子孫を残すことが生物の最重要課題やからな。

特に病気やケガなど、成長や命にかかわる問題のとっさの対応は必要不可欠。

「何をどうしたらいいのか」

「どうするのがもっともよい方法なのか」

もちろんその子によって、問題のレベルも内容も少しずつちがってきます。

さまざまな解決方法の中から、最適なものを選び出す必要があるわけです。

でも母親としてどんなに多くても、数人分の子育て経験値しか稼げないですよね。

ではそういった問題解決に向けた経験不足を補うために、いったいどうしたのか。

女性は「それに関連する過去の記憶を一瞬で引き出し、その情報をもとにいちばんふさわしい回答をすぐに導き出す」という脳のしくみをつくりあげた、と考えられているのだそうです。

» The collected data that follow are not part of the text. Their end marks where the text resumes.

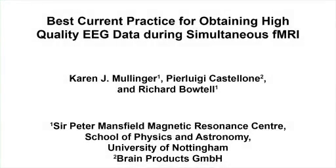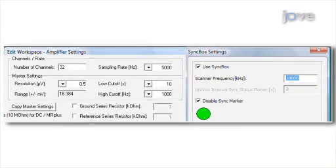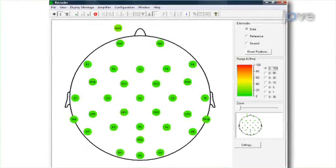The overall goal of this procedure is to set up MR-compatible EEG equipment inside an MRI scanner for simultaneous acquisition of high-quality EEG and fMRI data. This is accomplished by first correctly setting up the EEG filters, sampling rate and synchronization. The next step is to ensure that there are good connections between the EEG electrodes and the subject's scalp.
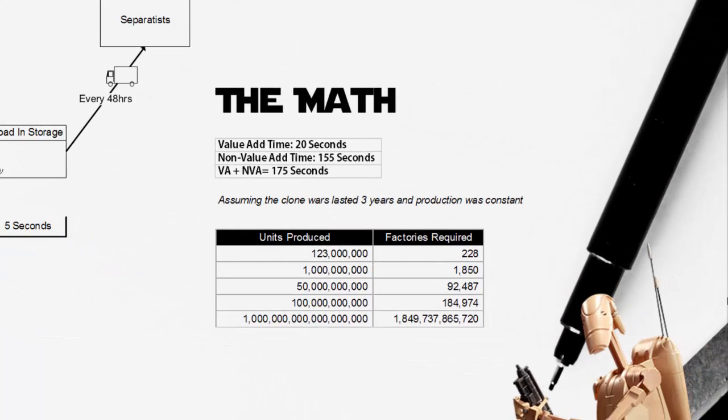So where does this leave us? Looking at the math, we can see that our value-add time is 20 seconds, so this is the actual process time to produce the droids, and our non-value-add time which is 155 seconds, which is really composed of motion waste as we're waiting for those parts to move along the conveyor belt. It brings us to a total value-add and non-value-add time of 175 seconds to produce a single droid.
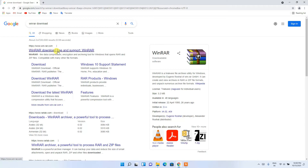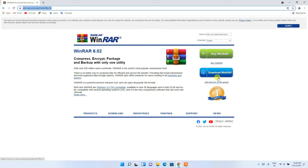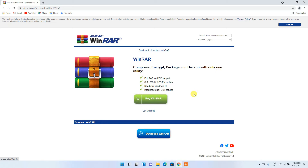Click on 'WinRAR download free' and you'll get the official WinRAR site. Here you'll see the Download WinRAR button — simply click on that. I'll also put this link in the description so you don't have to worry about finding it.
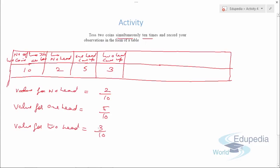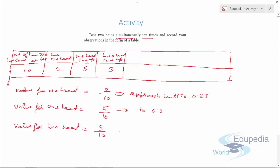If you increase the number of observations, the probability values will change. As the number of observations increases, the value for no head will approach 0.25, the value for one head will approach 0.5, and the value for two heads will approach 0.25. This again proves that we can apply activities through the experimental approach to prove our concepts of probability.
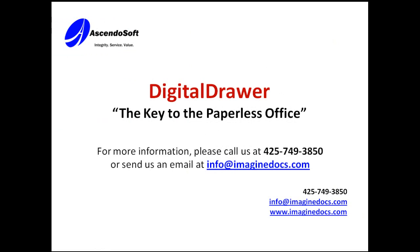If you have any questions or would like to receive more information, please contact us at 425-749-3850, send an email to info at Imaginedocs.com, or visit our website at Imaginedocs.com. Thank you for your time.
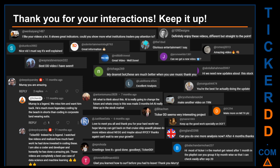Thank you for your interactions. Let us know in the comments what you think about this ticker and what your target price is. Here are some comments we have enjoyed reading: 'Best DD video I have seen,' 'Definitely enjoy these videos, different but straight to the point,' 'Very nice video, I must say it is well explained,' 'Glorious entertainment.' Thank you again for your feedback — please keep them coming.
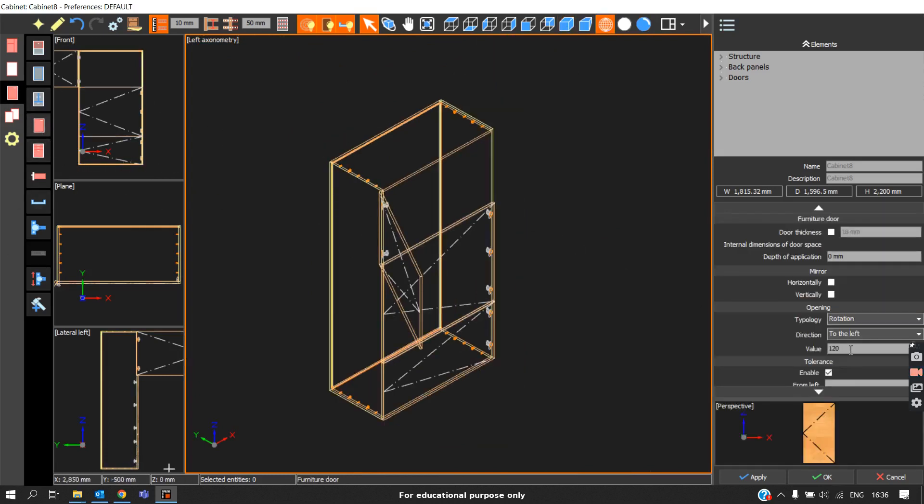In the later part of the video, we will discuss about the drawer box and drawer fascia and how to divide the zones.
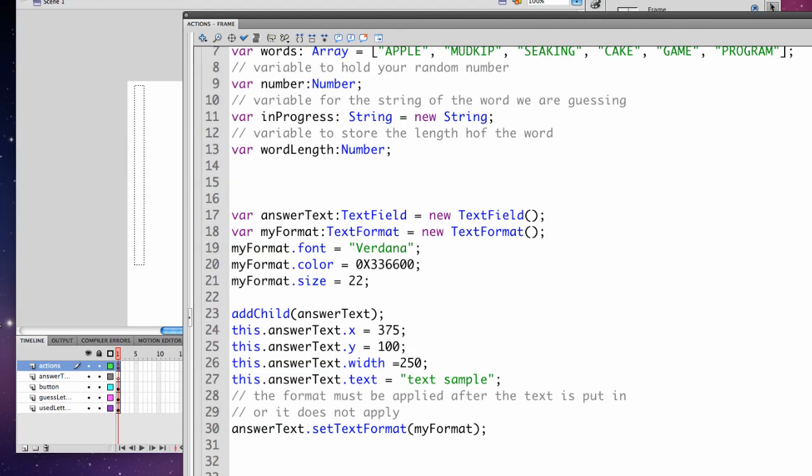The next step is to add the answerText text field to the stage. You do this with the addChild command. Then we can set its x and y coordinates, placing it on the screen, setting x to 375 and y to 100.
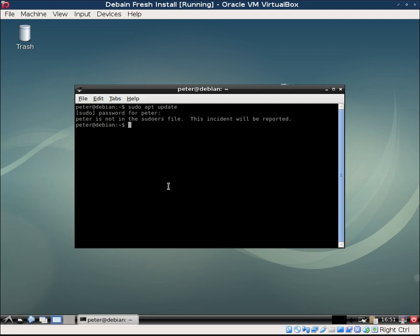So to fix this, we have to add Peter to the sudo file. First, you've got to log in as root, so you can type in su root or just su, and it will ask you for your password.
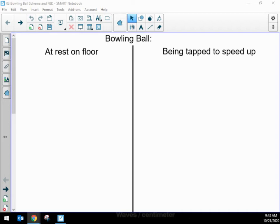I want to share with you the first of our two visual representations for forces. This one I'm going to call an interaction diagram, or sometimes you might hear me refer to it as a system schema. I prefer the term interaction diagram because this is all about showing the interactions — forces are interactions between things — and we are looking at the interactions between all of the objects in some story.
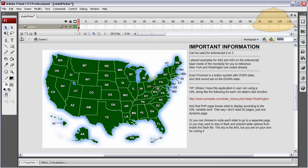Hello everybody, Adam at Flash Building here with another free Flash source file. In this one, there are a lot of developers that sometimes want a cooler, more unique interface for allowing people to pick provinces.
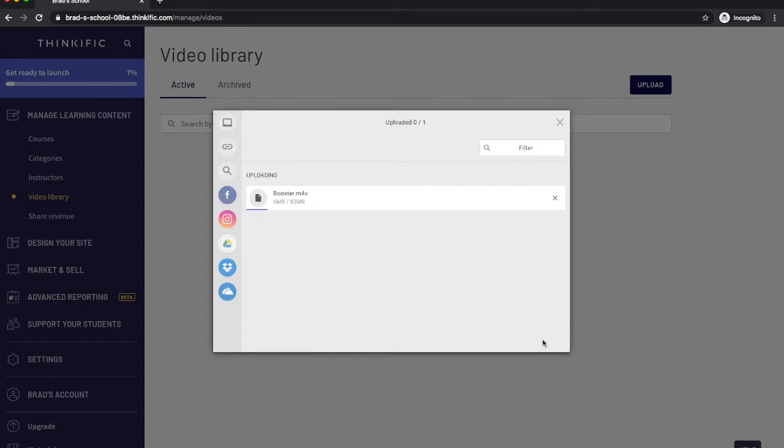Once the video is loaded it'll be in the area for the video for your course. So when we go to our courses here we'll see our video is already loaded in there and we can choose it for the course or lesson title.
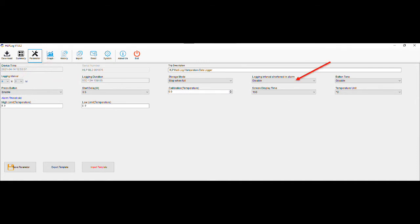Logging interval shortened, when enabled, will log the temperature every minute when the unit is in alarm stages. This feature is not recommended due to increased memory usage while alarmed and the risk of overwriting data if left for long periods of time.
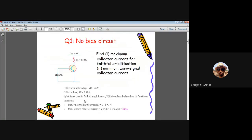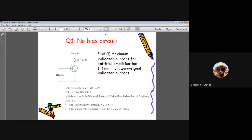The first question is on a no-bias circuit, where the base is kept open with no connection and no bias. For question one, we have an NPN BJT where the base terminal is kept open, the emitter is directly connected to ground, and from collector to supply there is a load resistance Rc equal to 2.5 kilo-ohms with a 6-volt VCC supply.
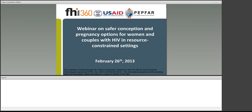Good morning and good afternoon, everybody. We want to welcome you to the webinar on Safer Conception and Pregnancy Options for Women and Couples with HIV in Resource-Constrained Settings, being hosted by FHI 360, USAID, and PEPFAR.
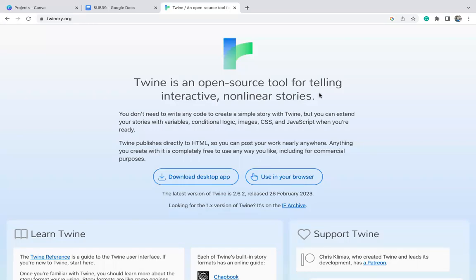This is a quick tutorial about how to use Twine to create a text-based adventure. I use Twine a lot when I'm teaching. I think it's a fun, different way for students to combine their knowledge of a subject with some really basic coding. It is simple, and I'm going to show you how simple it is.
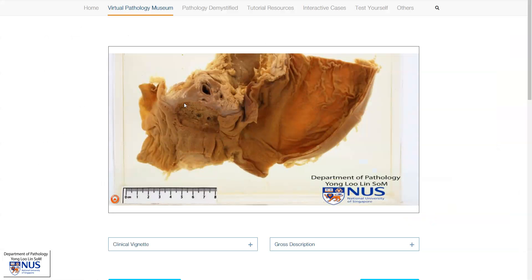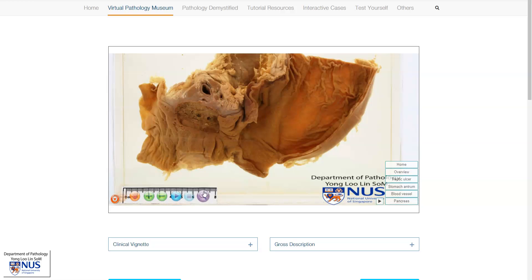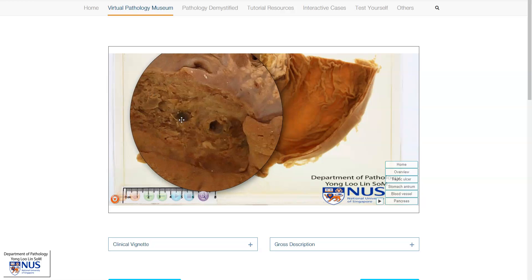This is the second example that I briefly showed. We can see a large punched-out ulcer in the duodenum. This is the gastric antrum. If we look closely within the base of this ulcer, we can see these vascular structures, and therefore this ulcer would have caused very severe gastrointestinal bleeding.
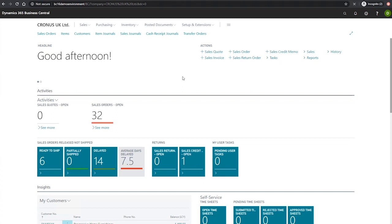Every journal type is set up with its own journal template. These templates are then used to specify information for specific batches that are created using these templates. In this demonstration, I'll show you how to set up a new general journal template.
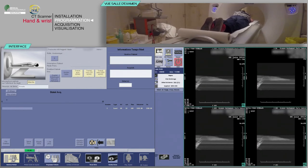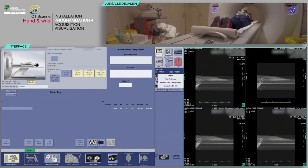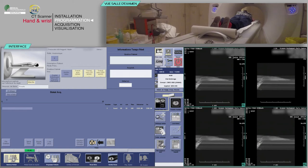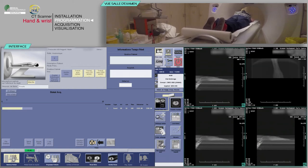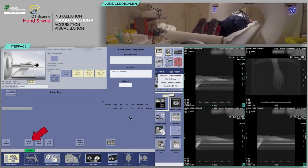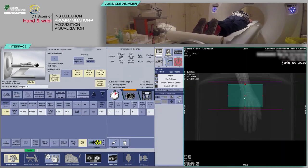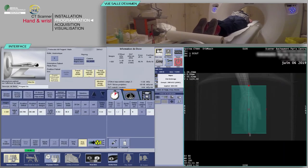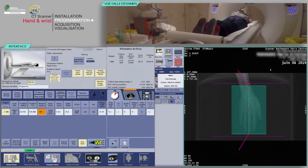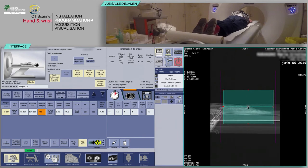Repeat to obtain the lateral view. Click Next Series. Place your slice box on the AP localizer in such a way as to cover the hand and wrist from the lower third of the radius and ulna to the soft tissues of the middle finger. Then check that the entire segment is covered on the lateral scout view.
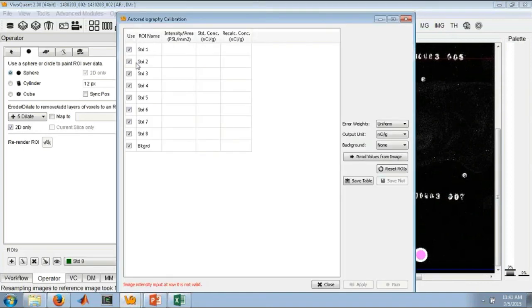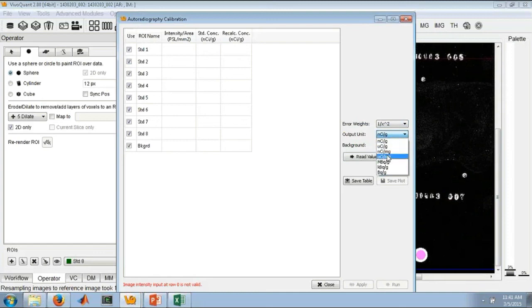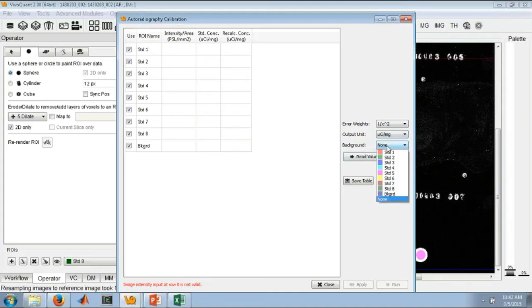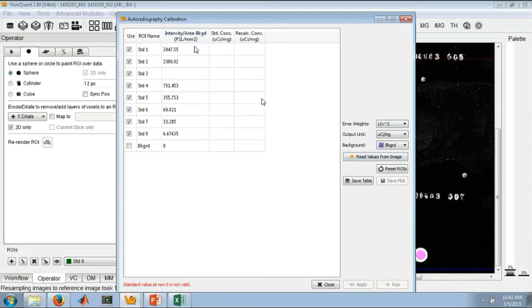Open the calibration window. I tell if I want to do any weighting, what my output unit should be. So this will be what you're calibrating to. We tell if there is a background. In this case, there is. And then we can read the values from the image. So now in this column, we have the PSL per millimeter squared values, or the raw values from the autorad data.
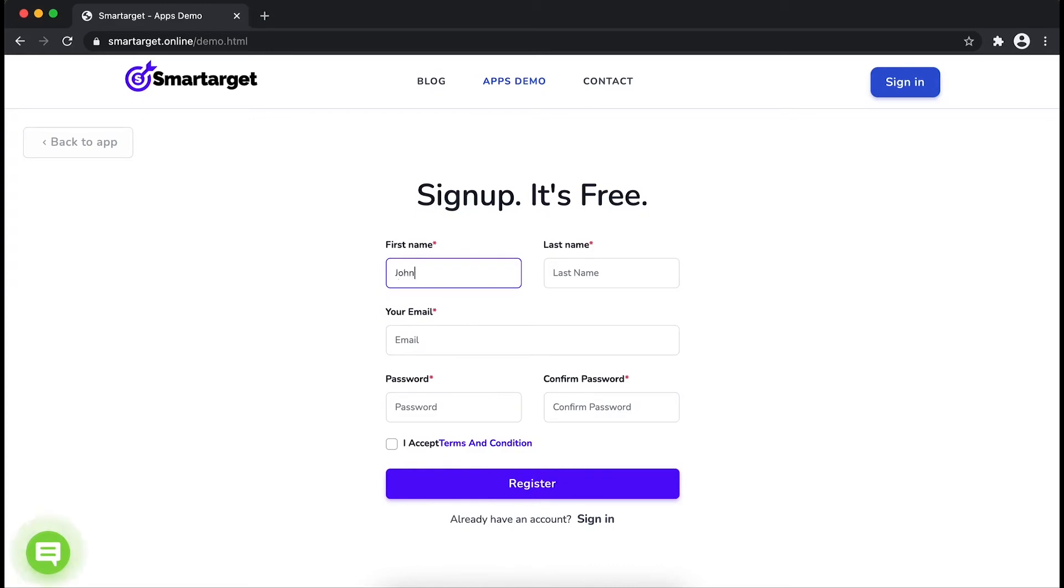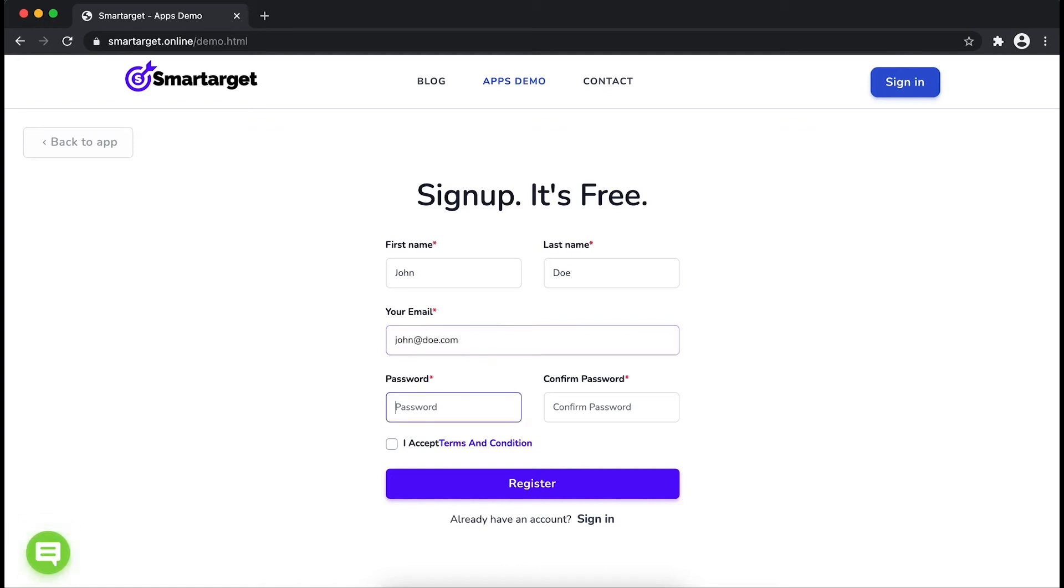Fill in your first name, last name, email address and password. Please make sure you write your correct email address so we will send you a verification email. Now click on register.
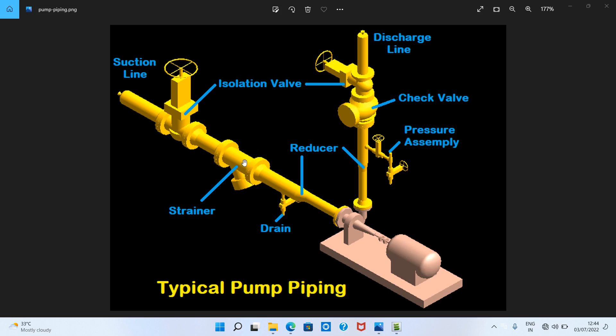A strainer can be defined as a pipe fitting through which liquid passes for purification, filtering, or separation from solid matter. It is any device functioning as a sieve or filter used to prevent solid bodies from mixing in a liquid, steam, or flow line. A strainer arrests pipeline debris such as scale, rust, jointing compounds, and weld metal in the pipeline — a strainer is also called a filter.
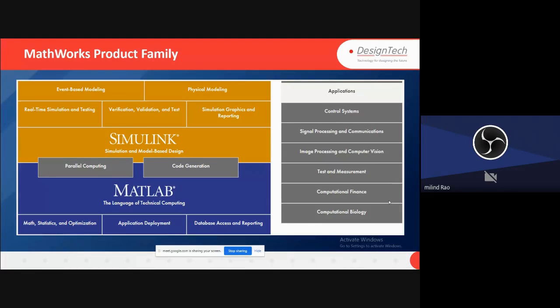In MATLAB, we have to create scripts and do MATLAB programming. Later on, we will see how to create the script and how to write a MATLAB program.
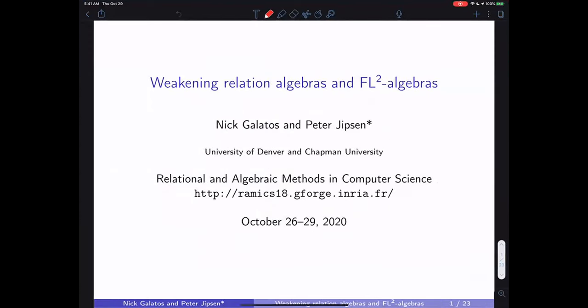Thank you very much for this audience for something which is somewhat theoretical, but I always claim that it has lots of connections to computer science. Let's see if I can make a convincing case here.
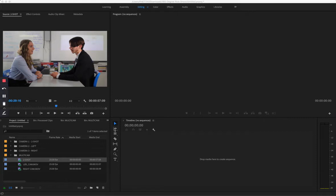Hello, so in this video I'm going to be teaching you how to use multi-cam editing in Adobe Premiere Pro CC 2018.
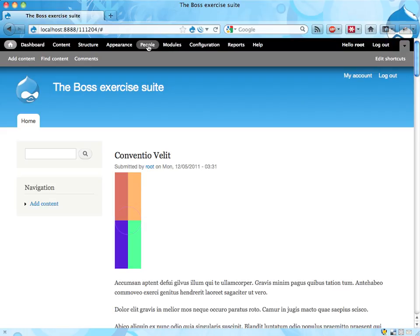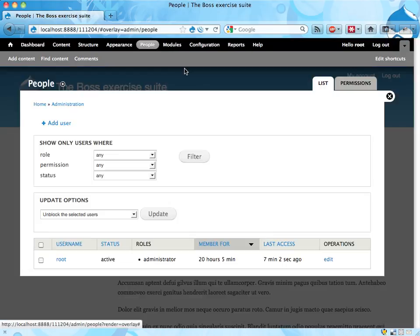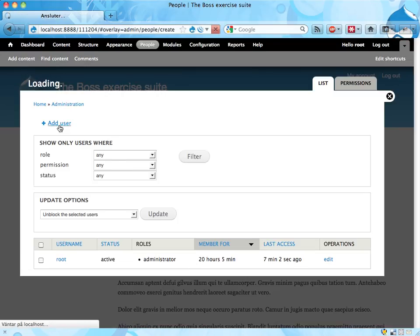We can do this by going over to people, and here we have a list of all the user accounts on our site, and we can add a new one.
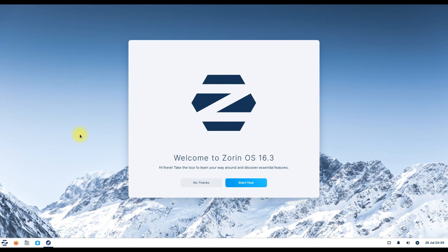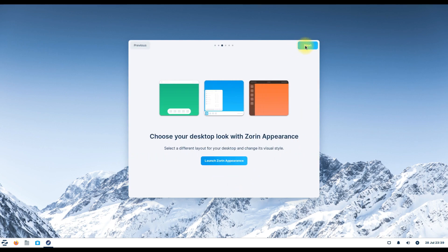Zorin OS is considered to be a great GNU Linux alternative OS for Windows, and sure enough, like Windows, it's pretty straightforward and easy to use. The folks working on Zorin have finally released Zorin 16.3, which brings one of the most requested features, followed by a few additions and improvements here and there. Here's everything new in Zorin OS 16.3.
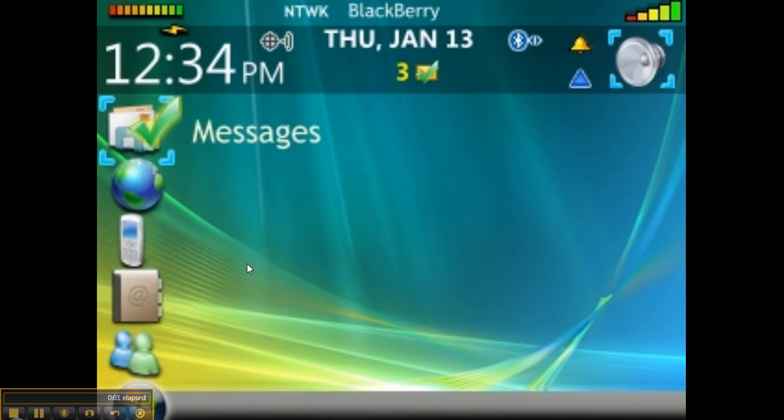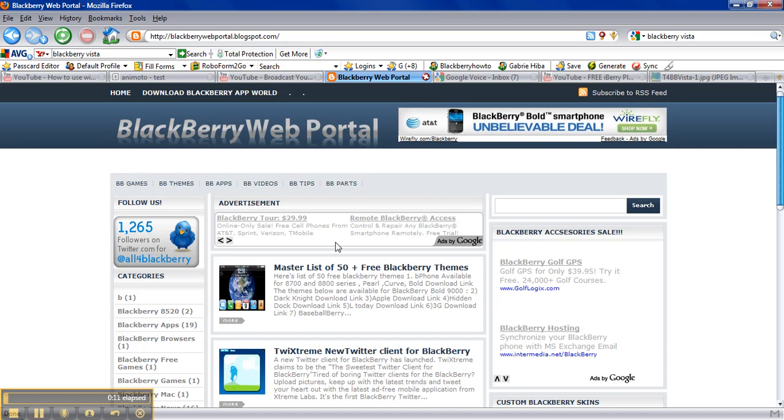What's up, today I have a theme for BlackBerry called Vista View. Very nice. If you like it, you can take it for free. I'm gonna show you how to get it. You need to go to BlackBerry Web Portal.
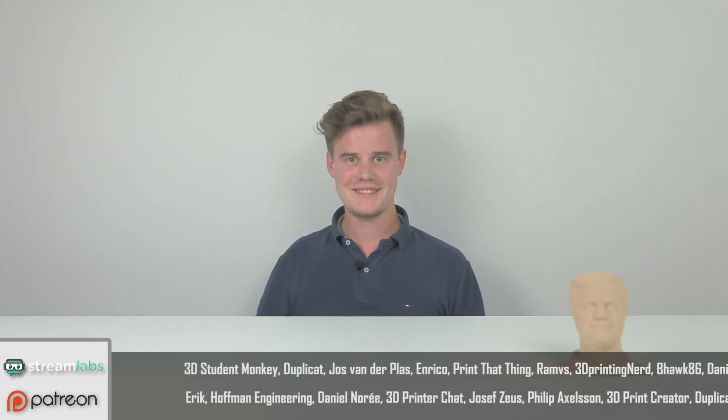Alright, see you later guys. Thanks for watching. Make sure that you check out the patrons down below and with that said, over and out. See you in the next video.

ママ友たちとの会話やメディアで見聞きした情報、兄姉のときの体験や自分が幼いころどうしてもらったかまで、芋づる式に関連情報を引き出して対応するわけなんですね。

そしてそのしくみがもっとも発動しやすいのは、わが子のために自分の身を危険から守ろうとするとき。

怖い。辛い。痛い。苦しい。ひどい。

つまりネガティブな感情がきっかけとなるようにシステムをつくったんですね。

そういった背景があって、夫婦ゲンカのようなまさにネガティブな感情を呼び覚ます出来事があったとき。

女性はその特性から、これまでの夫婦生活という記憶の関連情報をすぐさま引き出してしまいます。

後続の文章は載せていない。